The idea I read underneath Coffey’s argument is that when we blame capitalism for our “persistent low-grade dysfunction,” what we’re really saying is that we’re unwilling to acknowledge that life requires choices. We’re unwilling not to “have it all,” and while Instagram undoubtedly makes this worse, it’s not entirely to blame. Wanting is just in our nature.
But what is perhaps more insidious about the way these mediums are trending is the fact that we’re also unwilling to not show off the fact that we have it all—or risk, as Coffey puts it, “looking like a loser in the meritocratic game.” To put a finer point on it, she says: “I think it’s possible that for many, considering the shape of your life and then living it with vigor is so difficult because it cannot be externally validated.”

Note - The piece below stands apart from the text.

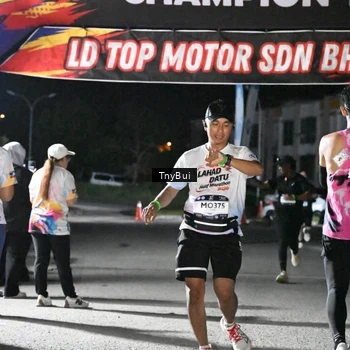 Runner Photo 7660677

Taking time to “PR” our lives on Instagram, or as the hot Argentines did in Teatro Colón, is one of the most common ways we seek external validation, and is perhaps the deeper reason I felt like I had to “quit.” Choosing to spend time curating feels like just another tradeoff—something we have to give up time doing something else, like cooking, chatting with a neighbor, or corresponding with a friend, in order to do. The type of activities, Coffey points out, that “cannot be tallied up and out on a resume.”
I’m not saying this tradeoff is inherently a bad one to make, but it is a tradeoff. And it makes me wonder: does PR-ing our lives on social media erode the very story we’re trying to tell, the story that our lives are so frictionless, so happy, even so “real” that we have extra time to broadcast them?

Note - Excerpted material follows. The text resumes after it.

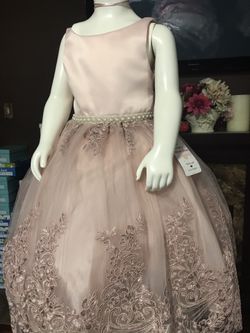 Vestidos de niña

Admittedly, I use this newsletter in a similar way: to document my existence amidst the struggle; to prove that I’m still here; and yes, to show off the fact that somewhere in the surviving, I have moments of thriving, too. Like, when I finally inherit my badass satin opera cloak, you better belieeeeve I will be including pix in this newsletter. I am not immune. But I’m also asking how I can start to give myself credit for the tradeoffs I make to have the life I’ve chosen, and not wait for someone else to praise my decisions in order to feel ok.
Letting Mike go to New York without me was painful because I wanted the credit! I wanted to be seen in the atrium, heroic mom of nine-month-old travelin’ like she used to! But I’m trying to let go, to muscle my way through (fine, cry my way through) the unglamorous tradeoffs and give myself credit for picking the thing that feels right to me.

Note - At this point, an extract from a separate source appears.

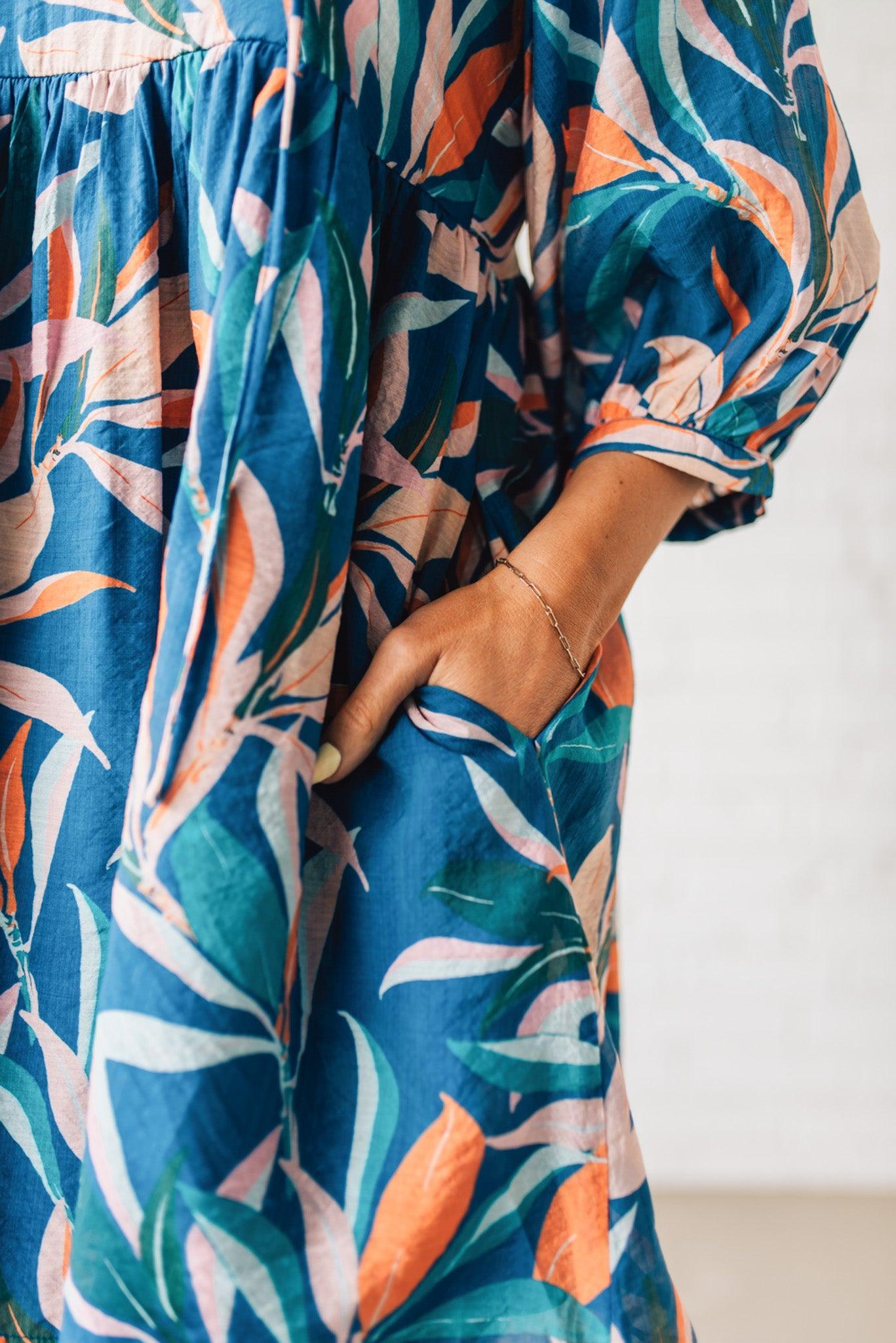 Leafy Print Keyhole Neckline Dress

I popped on to Instagram for a quick scroll last weekend for the first time since December. I wanted to tune into the conversation around Mother’s Day, and man was it a pleasure. I miss that quick hit of dopamine that comes from seeing an adorable picture of your college-best-friend’s-best-friend-from-home with their baby!!! But it felt clear to me that what I was experiencing was really just a suggestion of connection, and that if I wanted the real thing, I’d have to go beyond IG, beyond the atrium. To leave the opulent lands of external validation, to forgo the mirage. To search for the real connection, even if there’s no credit to speak of.
Thanks for reading! Obviously, I’m curious what you’re wanting this Sunday, this week, this month … and whether it feels like too much. Even if it doesn’t, I know you’re making tradeoffs and I’m here to give you credit! Wait, no, we’re working on not wanting credit …
Next time I’ll be back with provisions, including a perfect poem.
Love,
Becca
The question I have is whether Mike is going to slam cocktails at Shoolbred’s.
Beautiful post Becca. I've also found it tough to fully accept the many sacrifices that parenthood requires.